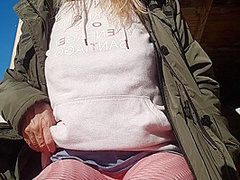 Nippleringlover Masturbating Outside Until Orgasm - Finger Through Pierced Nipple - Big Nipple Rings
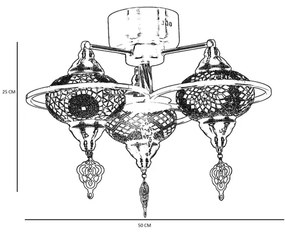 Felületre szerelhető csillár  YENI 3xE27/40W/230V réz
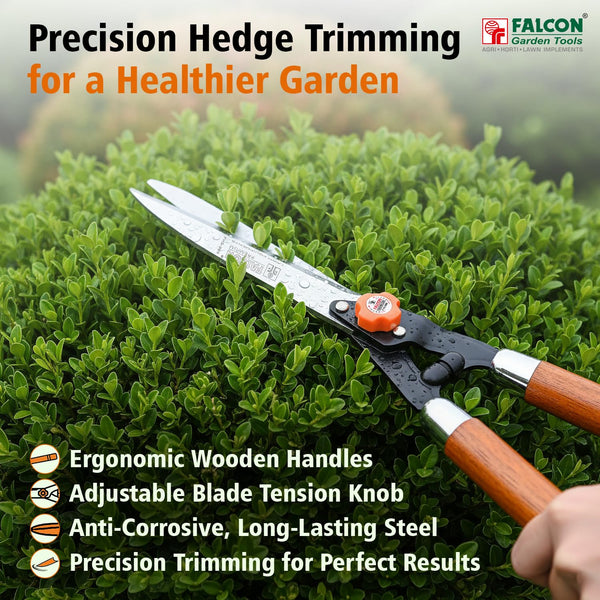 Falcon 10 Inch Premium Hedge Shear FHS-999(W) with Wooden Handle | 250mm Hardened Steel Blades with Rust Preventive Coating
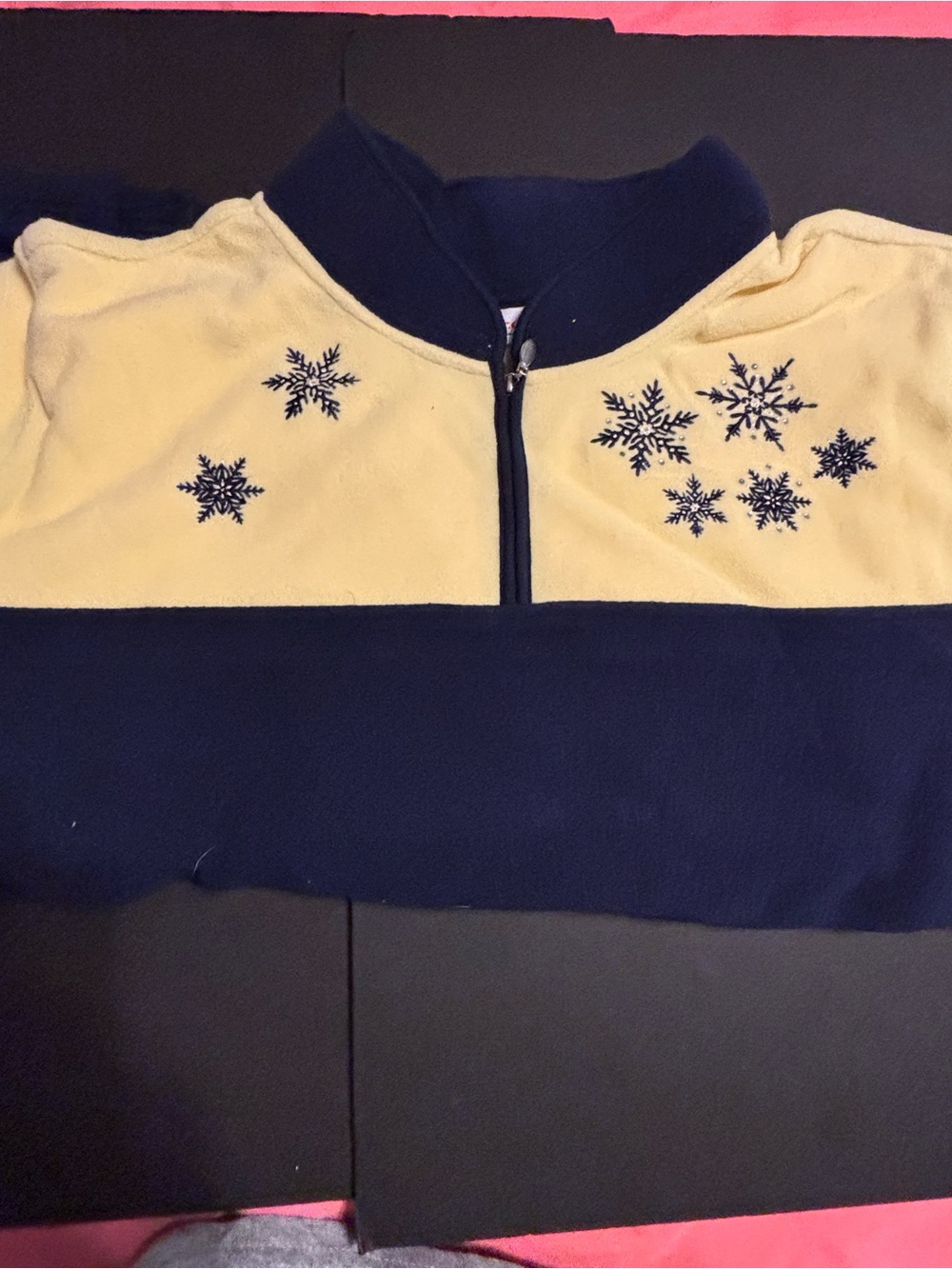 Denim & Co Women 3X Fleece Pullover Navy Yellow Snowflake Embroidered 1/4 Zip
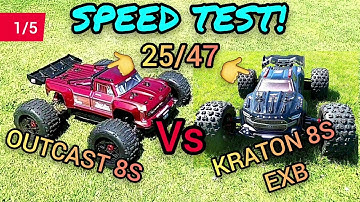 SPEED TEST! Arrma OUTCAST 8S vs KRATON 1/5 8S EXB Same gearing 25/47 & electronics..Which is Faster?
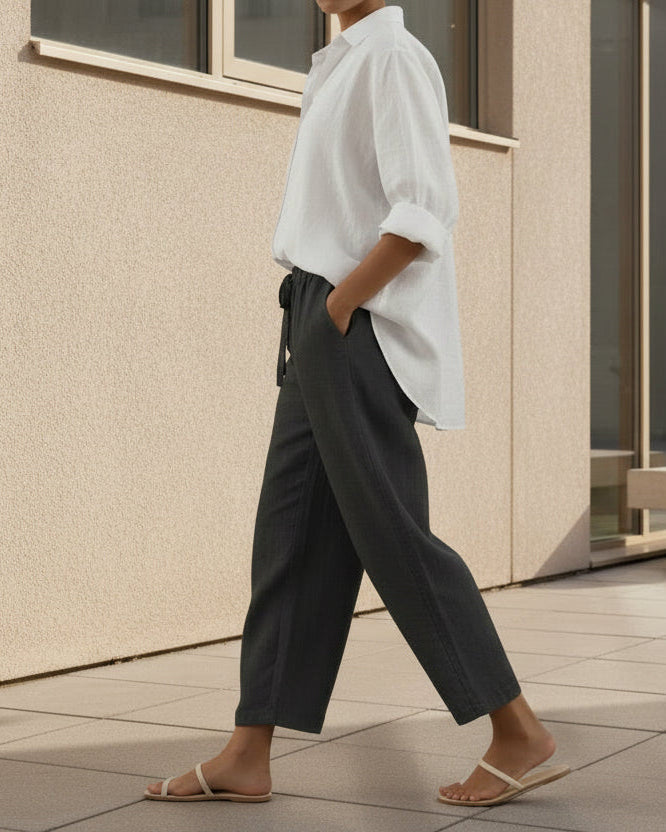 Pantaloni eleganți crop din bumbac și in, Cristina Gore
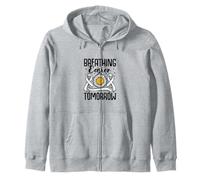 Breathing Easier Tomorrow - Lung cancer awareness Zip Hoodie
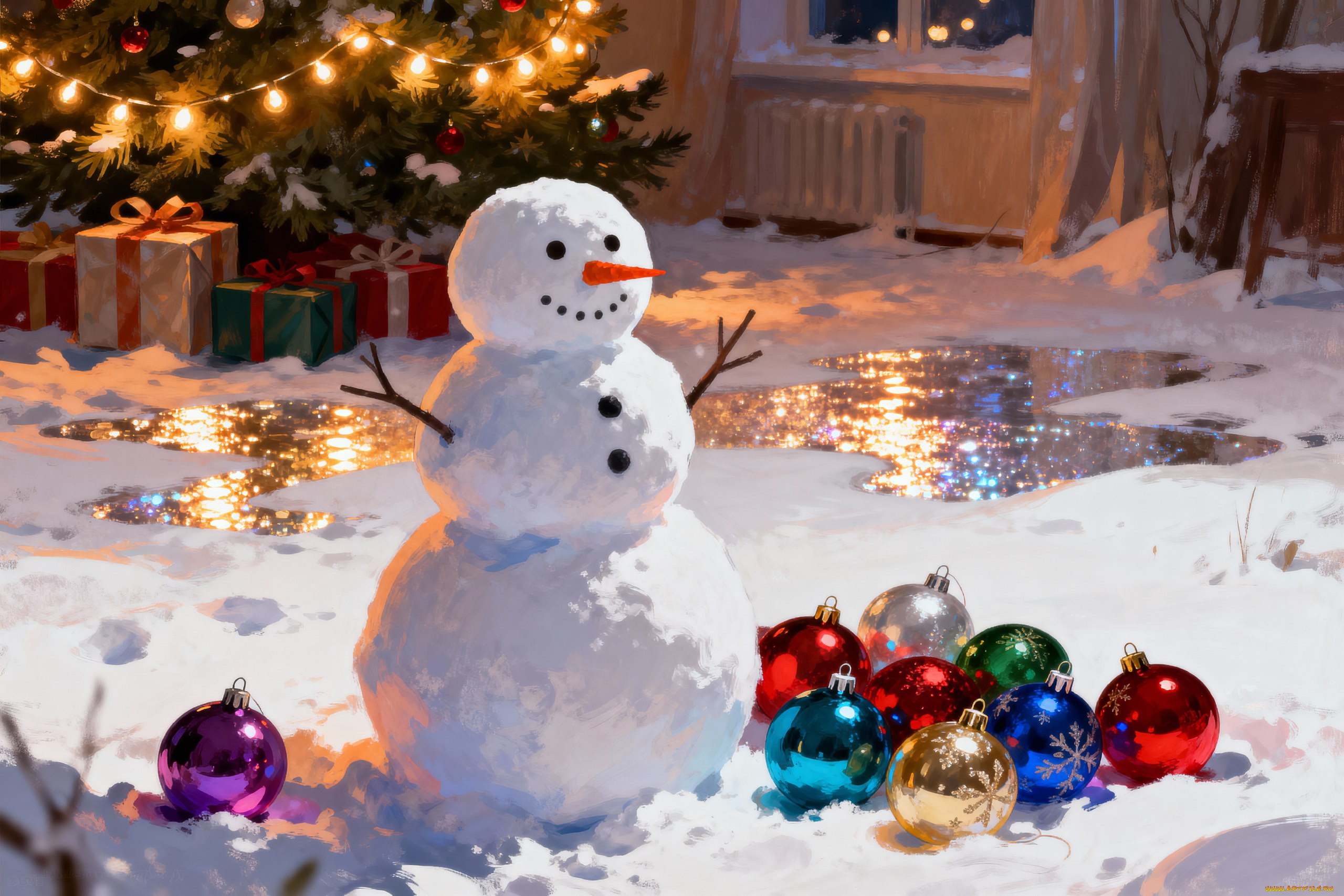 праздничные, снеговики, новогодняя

········

__Your instructions__:
Return the line containing "Falcon 10 Inch" and every line after it through the end of the records above, exactly and nothing else, but not the pictures.

__Answer box__:
 Falcon 10 Inch Premium Hedge Shear FHS-999(W) with Wooden Handle | 250mm Hardened Steel Blades with Rust Preventive Coating
 Denim & Co Women 3X Fleece Pullover Navy Yellow Snowflake Embroidered 1/4 Zip
 SPEED TEST! Arrma OUTCAST 8S vs KRATON 1/5 8S EXB Same gearing 25/47 & electronics..Which is Faster?
 Pantaloni eleganți crop din bumbac și in, Cristina Gore
 Breathing Easier Tomorrow - Lung cancer awareness Zip Hoodie
 праздничные, снеговики, новогодняя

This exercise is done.